_Task:_ Exact reproduction of the data is required, with images excluded.

_The data:_
....

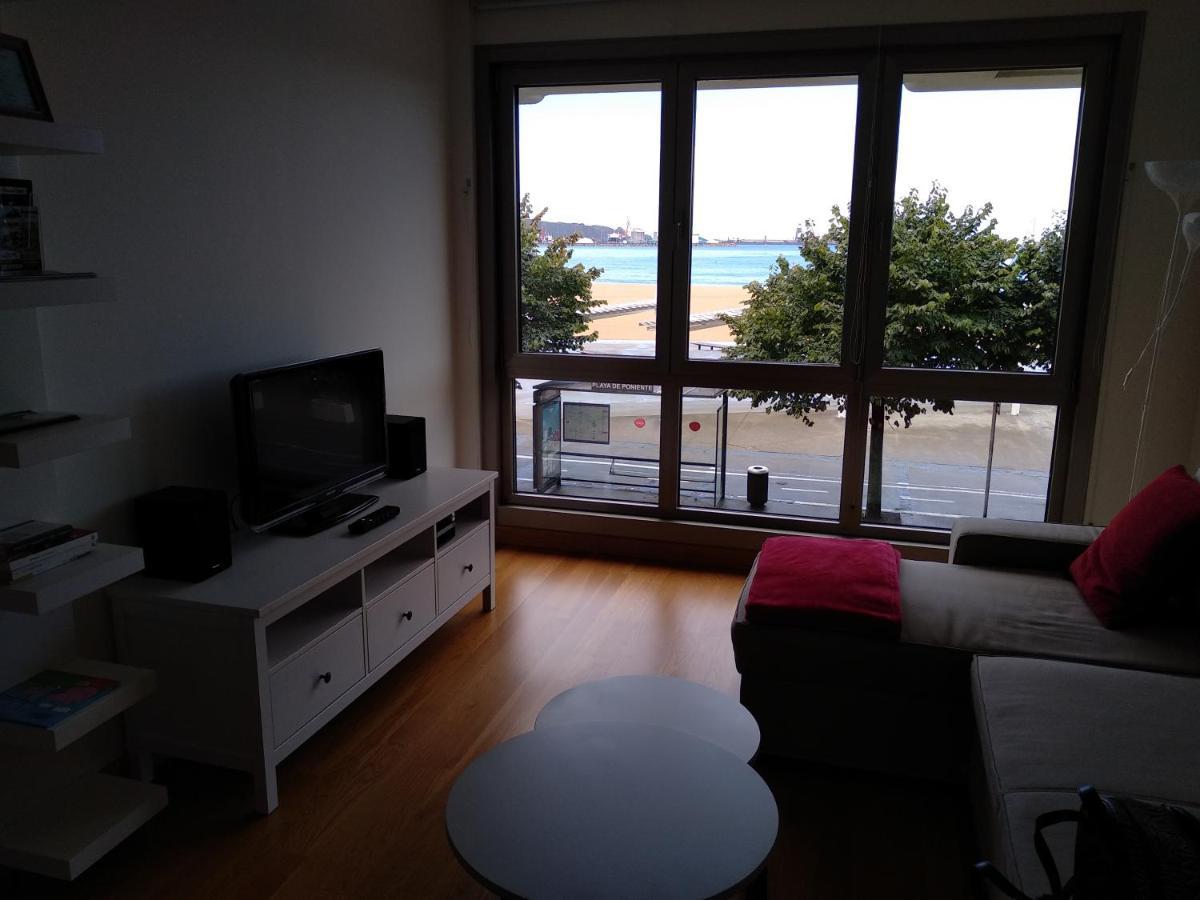 Apto. Vista Playa Poniente 希洪 外观 照片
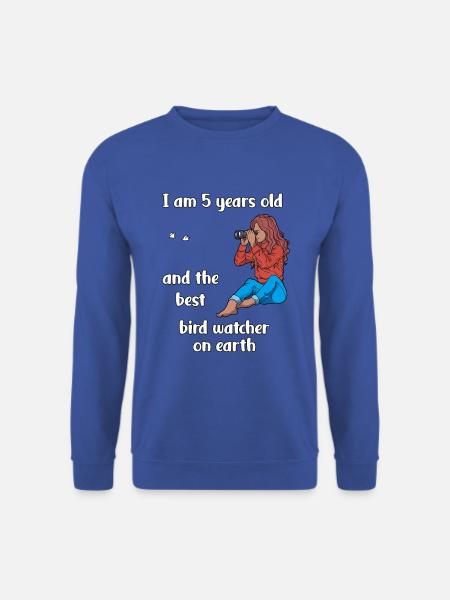 I'm 5 - Girl Bird Watching - Unisex Sweatshirt - royal blue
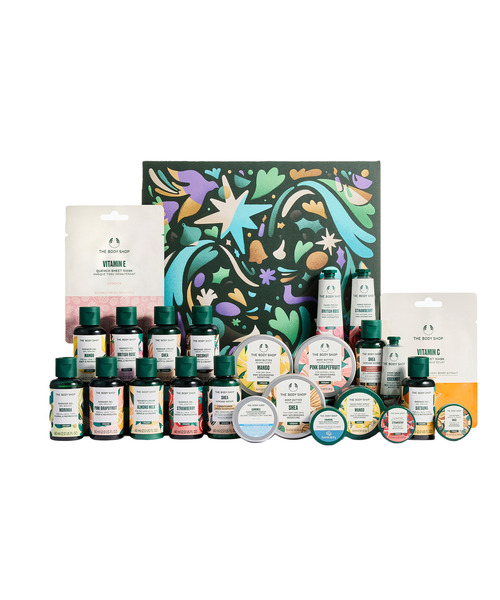 ボディショップ THE BODYSHOP アドベントカレンダー ほぼ新品 THE BODY SHOP コスメセット コフレ ザ・ボディショップ the body shop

....

_Output below:_
 Apto. Vista Playa Poniente 希洪 外观 照片
 I'm 5 - Girl Bird Watching - Unisex Sweatshirt - royal blue
 ボディショップ THE BODYSHOP アドベントカレンダー ほぼ新品 THE BODY SHOP コスメセット コフレ ザ・ボディショップ the body shop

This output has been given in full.